- Born: Anastasia Karakasidou September 7, 1956 (age 69) Thessalonica, Greece
- Education: Columbia University
- Occupations: Professor, scientist, anthropologist

= Anastasia Karakasidou =

American scholar (born 1956)

Anastasia Karakasidou (Αναστασία Καρακασίδου) is an American scholar. Her expertise is archeology and anthropology. She is currently appointed as professor of Anthropology at the Wellesley College.

== Early life ==
Karakasidou was born on 7 September 1956 in Thessaloniki, Greece. Her father was a Karamanlides refugee from Cappadocia, and her mother was a native Greek from Thessaloniki.

== Career ==
In 1975, Anastasia Karakasidou began her studies in chemistry and later, in archeology and anthropology at Columbia University, United States. She participated in an ethno-archaeological study of the Langadas area at the Archaeological Department of Thessaloniki University. In 1992, she graduated from Columbia University, where she holds a Ph.D. and in 1993 she was active as a scholar at the Princeton University. She was also a lecturer in the State University of New York.

== Studies ==
Between 1990 and 1991, she conducted studies on the Slavic-speaking population in the area of Northern Greece with title: "Fields of Wheat, Hills of Blood. Passages to nationhood in Greek Macedonia, 1870 - 1970"., the publication of which were met with criticism in Greece, which at that period, was at odds with the neighboring Republic of Macedonia (now North Macedonia) due to the Macedonia naming dispute. Additionally, Karakasidou and her family received threats for their lives by nationalist Greek circles and was even warned by the British Secret Intelligence Service for her safety.
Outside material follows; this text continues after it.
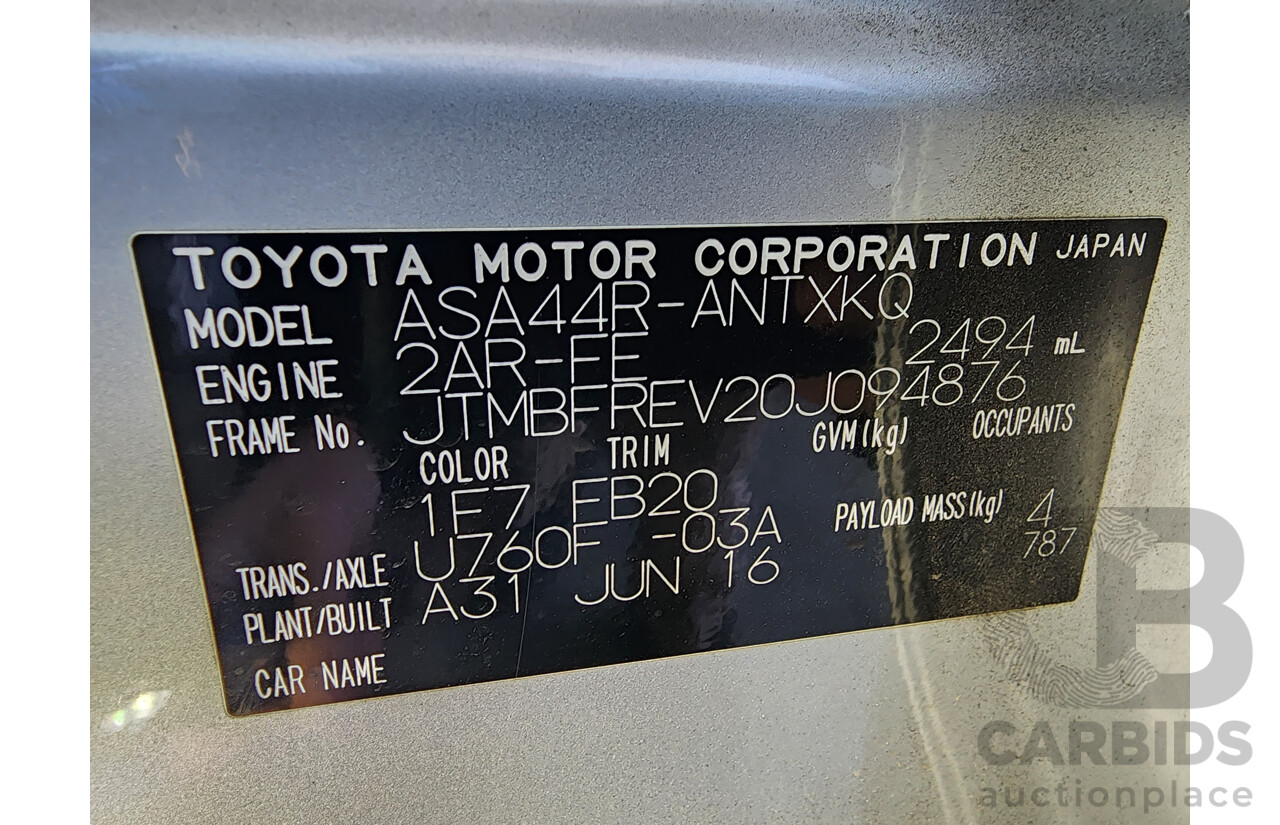 7/2016 Toyota Rav4 GX (4x4) ASA44R MY16 4d Wagon Silver 2.5L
Due to the negative reactions it received and fears for reprisal on the staff, its publication was cancelled by Cambridge University Press and was published by the University of Chicago instead. Outside the United States, the book was also published in 2002 in the then Republic of Macedonia and, in 2008, in Bulgaria. Her survey of the Florina region was published in 2002.